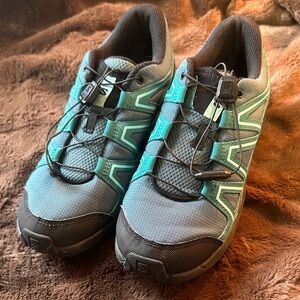 Salomon Speedcross Trail Running Turquoise and Gray Running Shoes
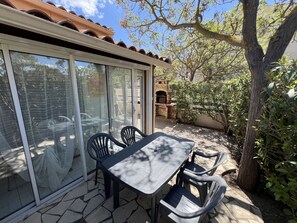 Outdoor dining - 6 pers lodge, pool, air conditioning, parking, near the sea (Valras-Plage)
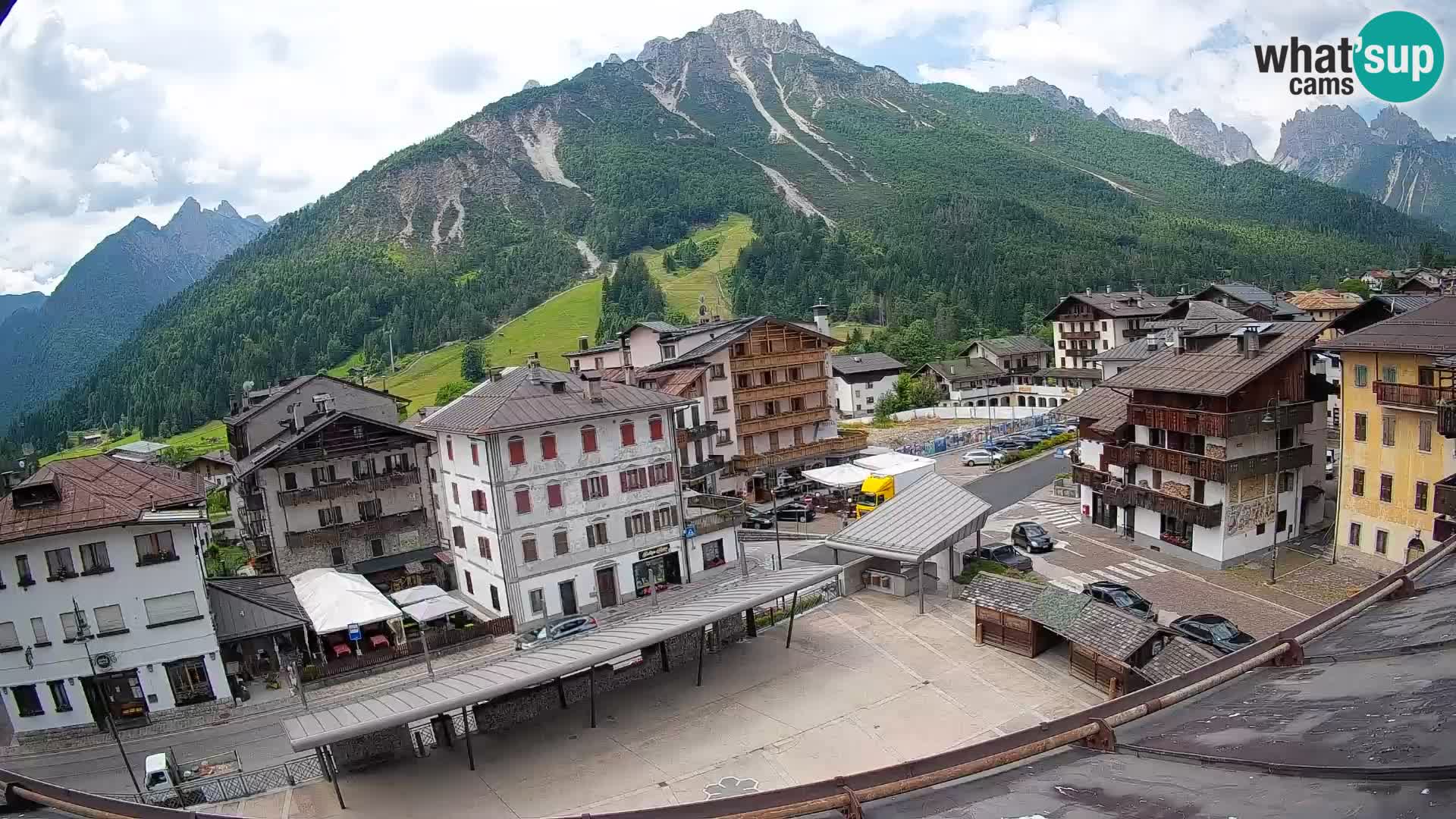 Hauptplatz von Forni di Sopra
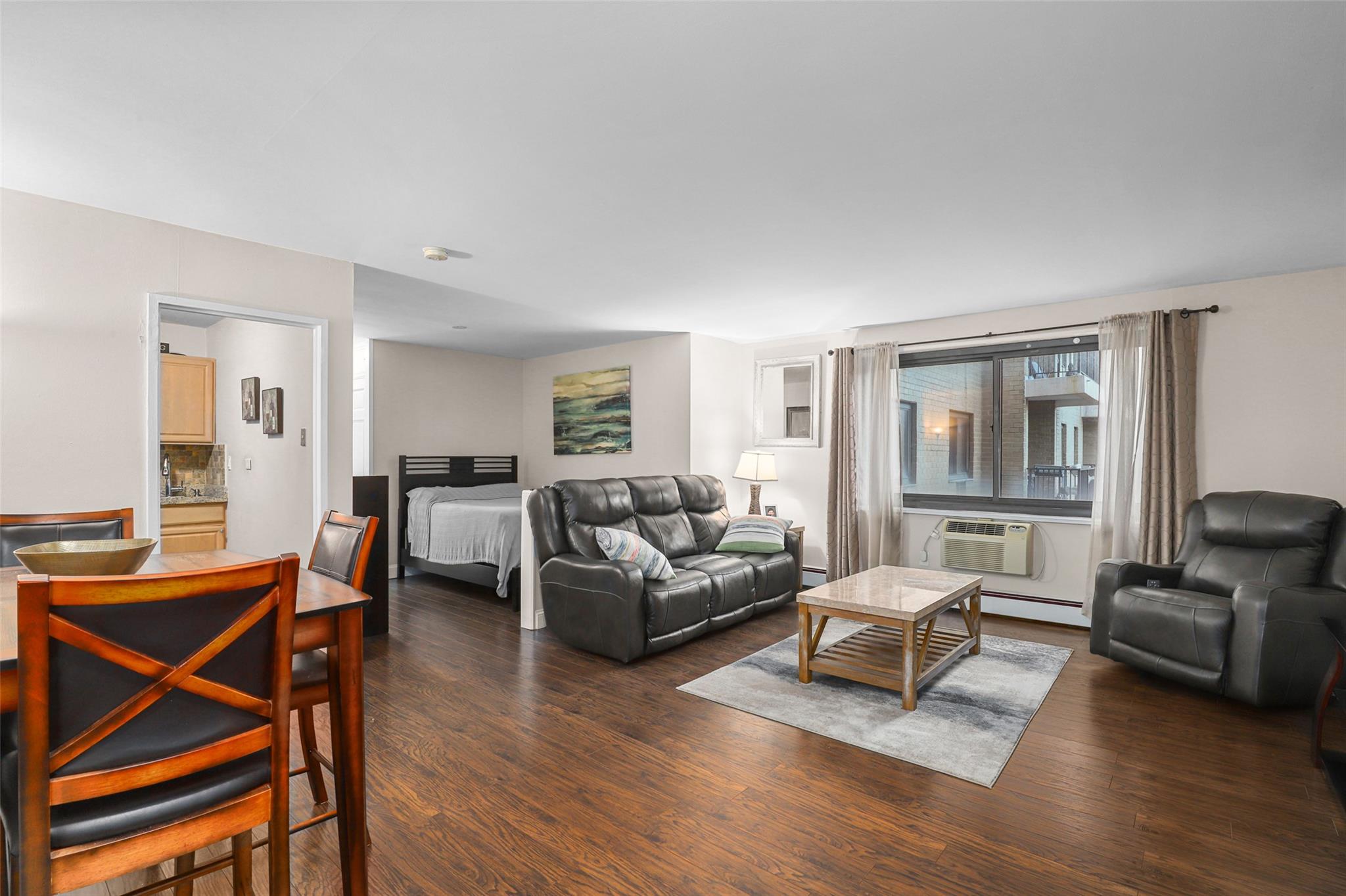 #4 photo, 100 E Hartsdale Avenue, Hartsdale , NY 10530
========================================================================
INSTRUCTIONS FOR THE TASK => Give the data above again exactly. Leave the pictures out.

TASK OUTPUT =>
 Salomon Speedcross Trail Running Turquoise and Gray Running Shoes
 Outdoor dining - 6 pers lodge, pool, air conditioning, parking, near the sea (Valras-Plage)
 Hauptplatz von Forni di Sopra
 #4 photo, 100 E Hartsdale Avenue, Hartsdale , NY 10530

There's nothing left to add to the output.